The Tell-Tale Heart, Edgar Allen Poe; and Stories That Scared Even Me, Alfred Hitchcock. Ok, technically, Tell Tale is a short story; and Stories That Scared is a collection of stories compiled by Hitchcock; but I have to put them in here and put them together because they scared me to death. They were my first exposure to literature designed to frighten and boy, did they do a good job. It was disturbing and yet oddly exciting to find myself feeling the panic and madness come over the narrator in Tell Tale, and finding myself having to resist the urge to run to my parent's bedroom after reading one of the Stories That Scared. To this day I cannot read frightening or very suspense filled books if I am alone in the house. I've never put a scary book in the freezer, a'la Joey on Friends...but I've thought about it.

Days of Grace, Arthur Ashe w/Arnold Rampersad. This book amazed me and taught me that there will be literally thousands of brave and honorable people in this world that I may never know about. I picked up this book knowing very little of Ashe except his gentlemanly nature on the tennis court, but he became one of my heroes. His grace (hence the title) and courage against racism and illness, and his quiet dignity in doing the right thing is something I still look back on and try to require from myself. He once said: "If one's reputation is a possession, then of all my possessions, my reputation means most to me." He deserves that possession to be a valuable one, he worked for it and he earned it.

Woman of Independent Means, Elizabeth Forsythe Hailey. It sounds like a romance novel, but it's not. It's written entirely as letters that one woman writes to the people in her life over the span of some 60 years. This book was where I was reminded how much I truly love letters...I will read letters by people I have never heard of, and have no idea about. I think it must be because letters seem so intimate, so private. And because you can feel the relationship that the sender and the recipient have based on the tone and feel of the correspondence. Because of this book, I put copies of letters and emails to different people from me in my journal. I know that each one reveals a little bit more of all the sides of me. I also learned in this book how I can love a character and still not like her. I found myself completely shocked at some of the things Bess Steed would say or do; but then still find her ultimately, and overwhelmingly, endearing. I re-read this book every year or so, and every time I still find myself sad that Bess is simply a character and not a real woman. Because I'd love to have tea with her.

This is a short list. I haven't mentioned all of the books that have changed me, mostly because there are too many. And some, I really couldn't tell all the things that have changed about me because of them. How could I possibly try to explain the impact of the Bible and the Book Of Mormon, for example? They permeate my soul. They have changed--and are changing--every facet of my personality.

Please feel free to share some of your special books with me in the comments, or if you blog--make your own list.
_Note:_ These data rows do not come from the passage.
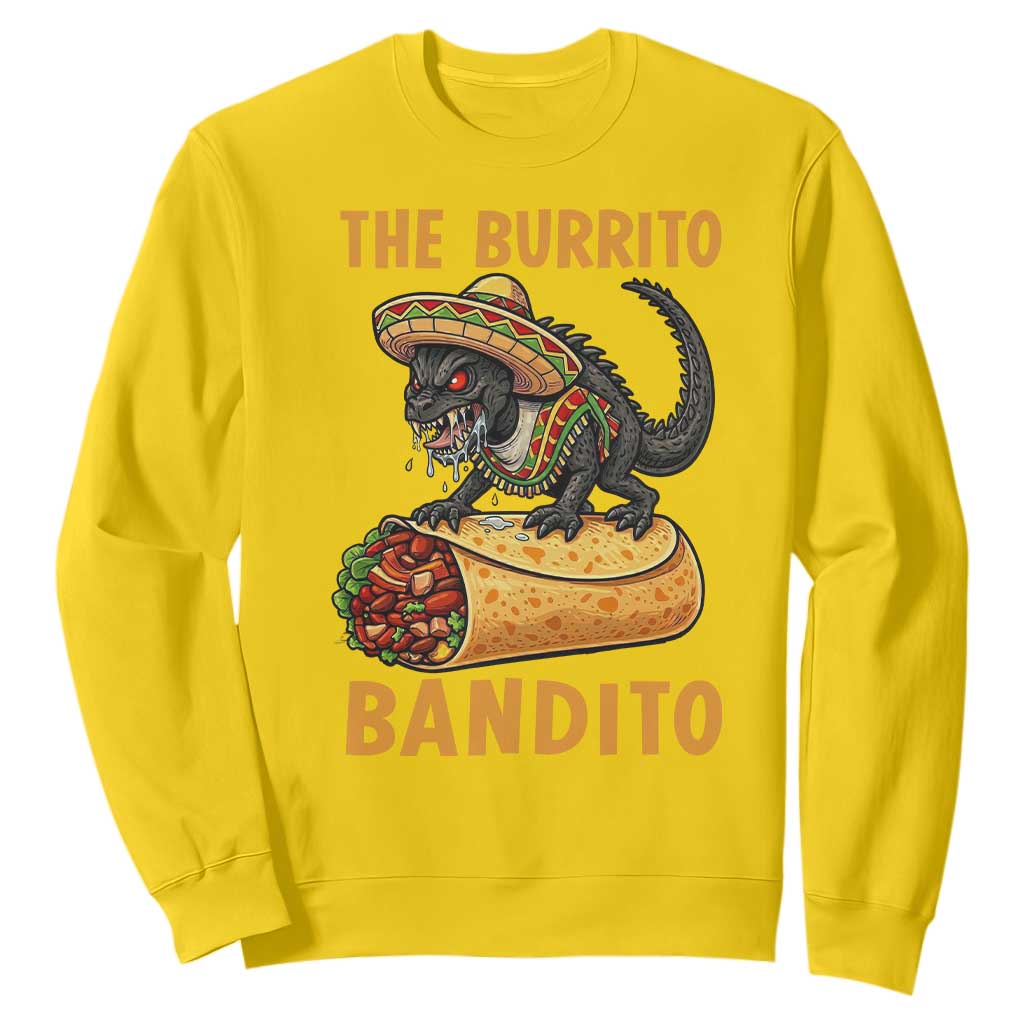 Funny Cinco De Mayo Chupacabra Sweatshirt The Burrito Bandito TS12 Daisy Print Your Wear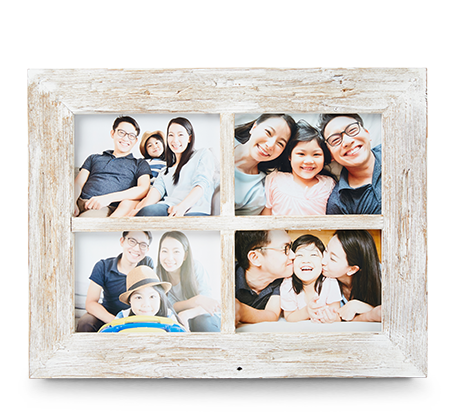 Cadre blanc rustique 5 x 7 po (4)
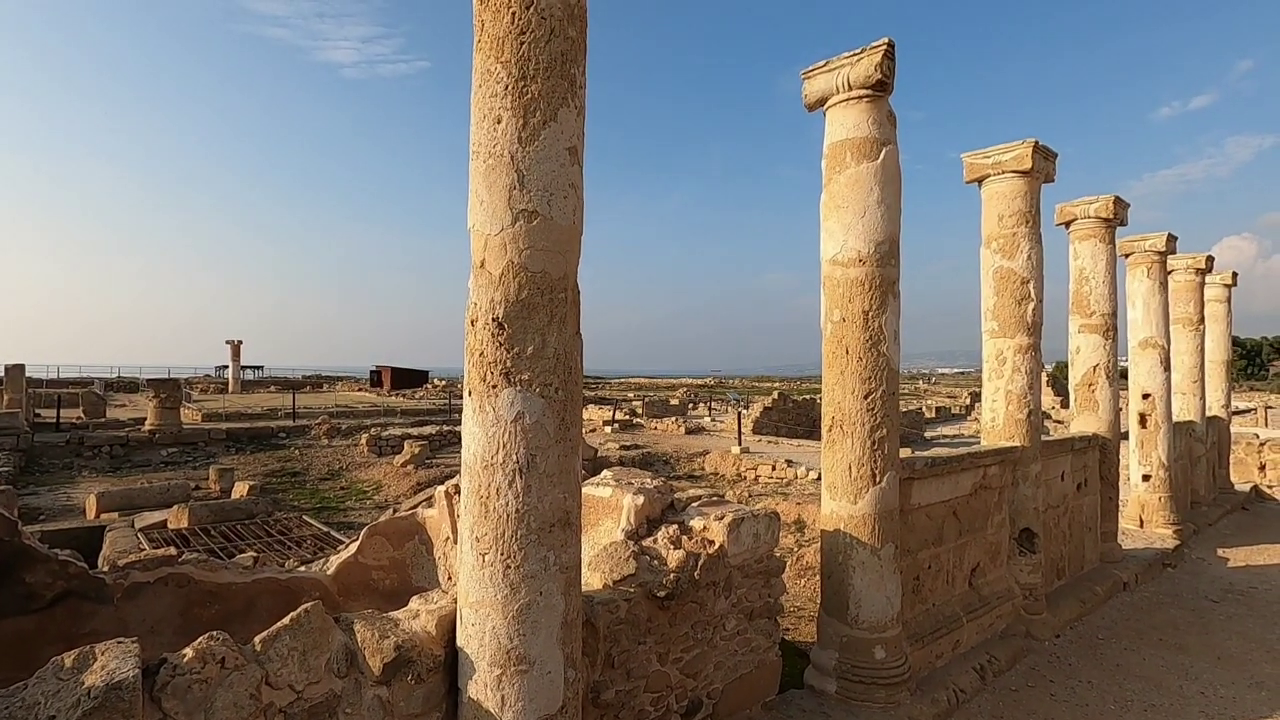 Pillars in the Archaeological Site of Nea Paphos (UNESCO)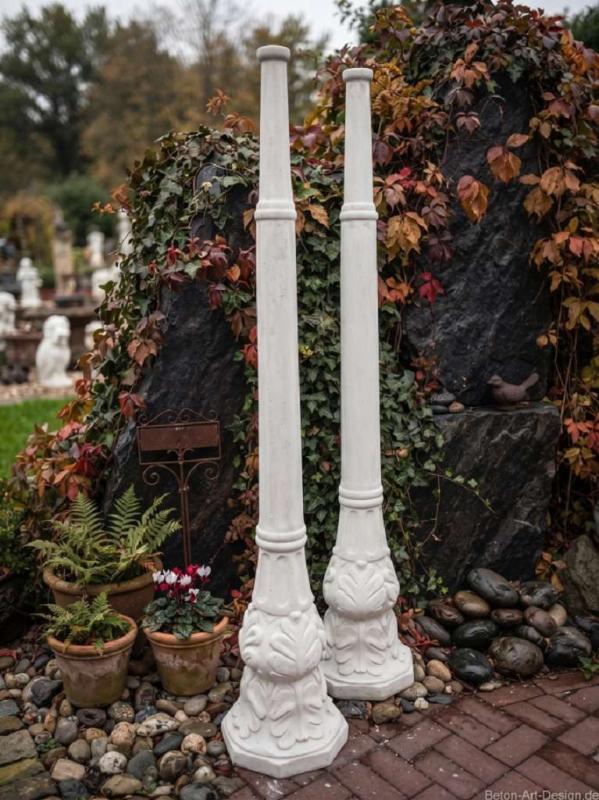 Laternensäule Sockel für Gartenlaternen Betonmast Gartenleuchte 190cm 85kg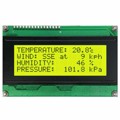 LK204-25-422-V - LCD MOD 80DIG 20X4 TRANS YLW/GRN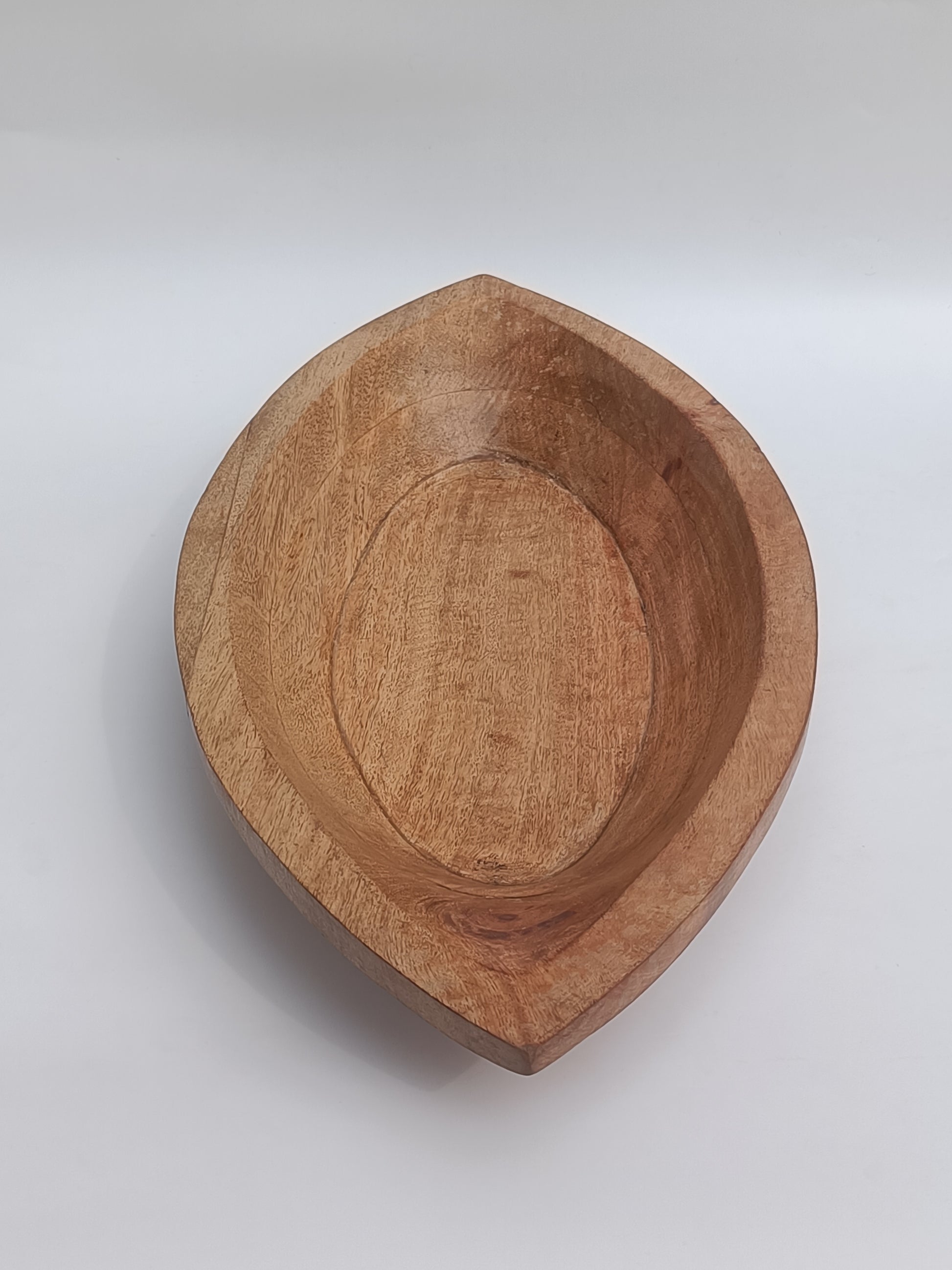 Handcrafted Wooden Leaf-Shaped Platter – Rustic Serveware for Dining & Décor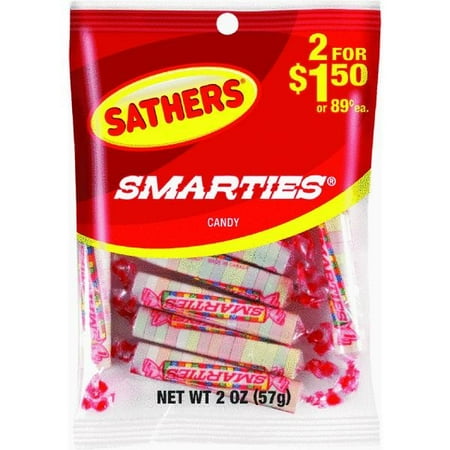 UPC 075602101400 product image for Bagged Candy - Pack of 12 1.25Oz Smarties | upcitemdb.com
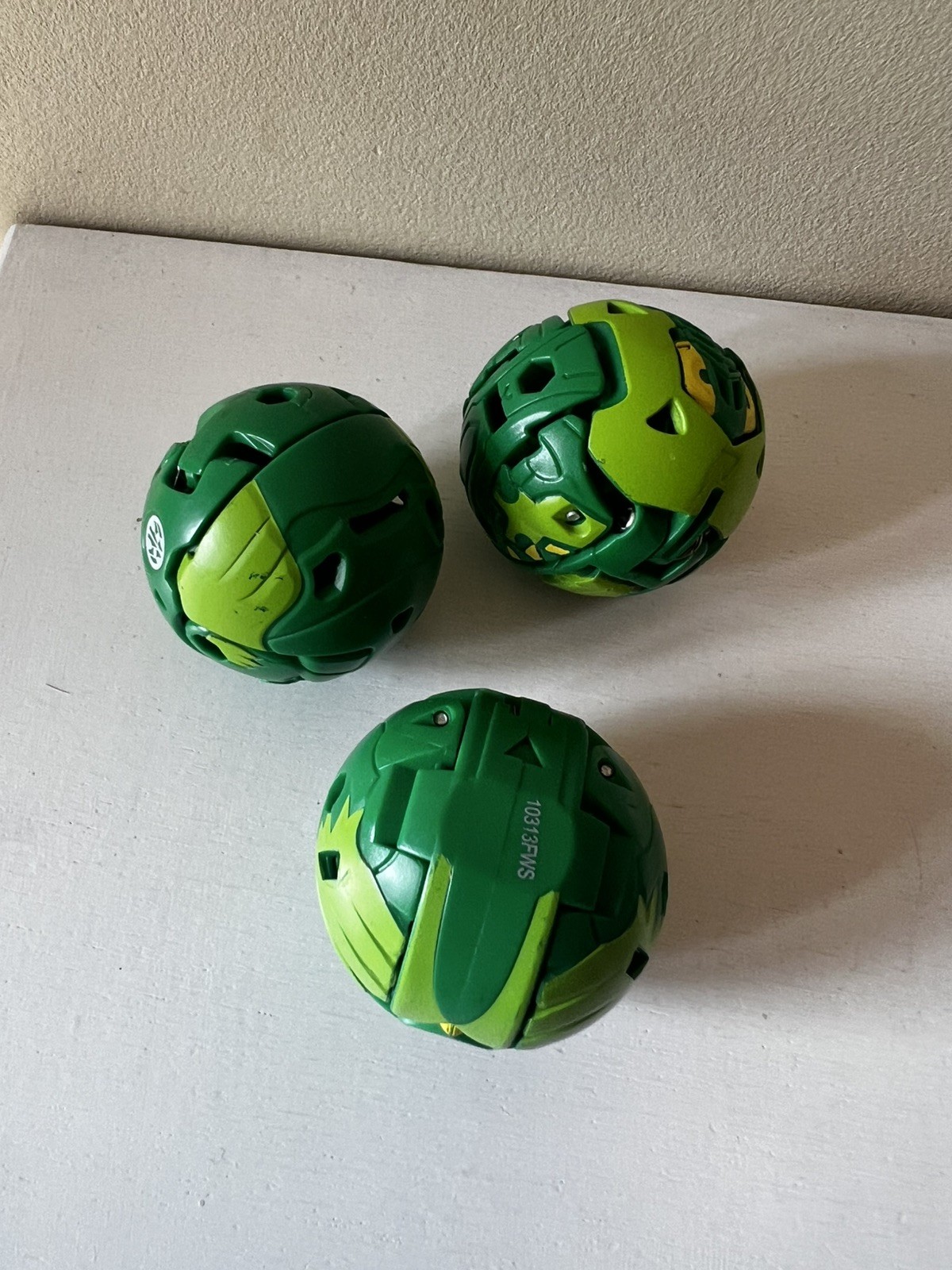 BAKUGAN Battle Brawlers tartarughe falco 3 verde scuro verde chiaro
If you do, let me know so I can go and take a look.


Anonymous said...

Great list. I can think of a million books that I loved or that I enjoyed, but I'm completely drawing a blank on books that sincerly, truly changed me. I'm sure there are some, I'm just going to have to think about it for a while. Thanks for the thought-provoking topic.

Oh, here's one: The Death of Ivan Ilyitch. I want to live a purposeful life every time I read it. But it's a short story. Does that count?

Anonymous said...

Where the red fern grows makes me tear up every single time I read it. That and Black Beauty are ultimate tear jerkers for me.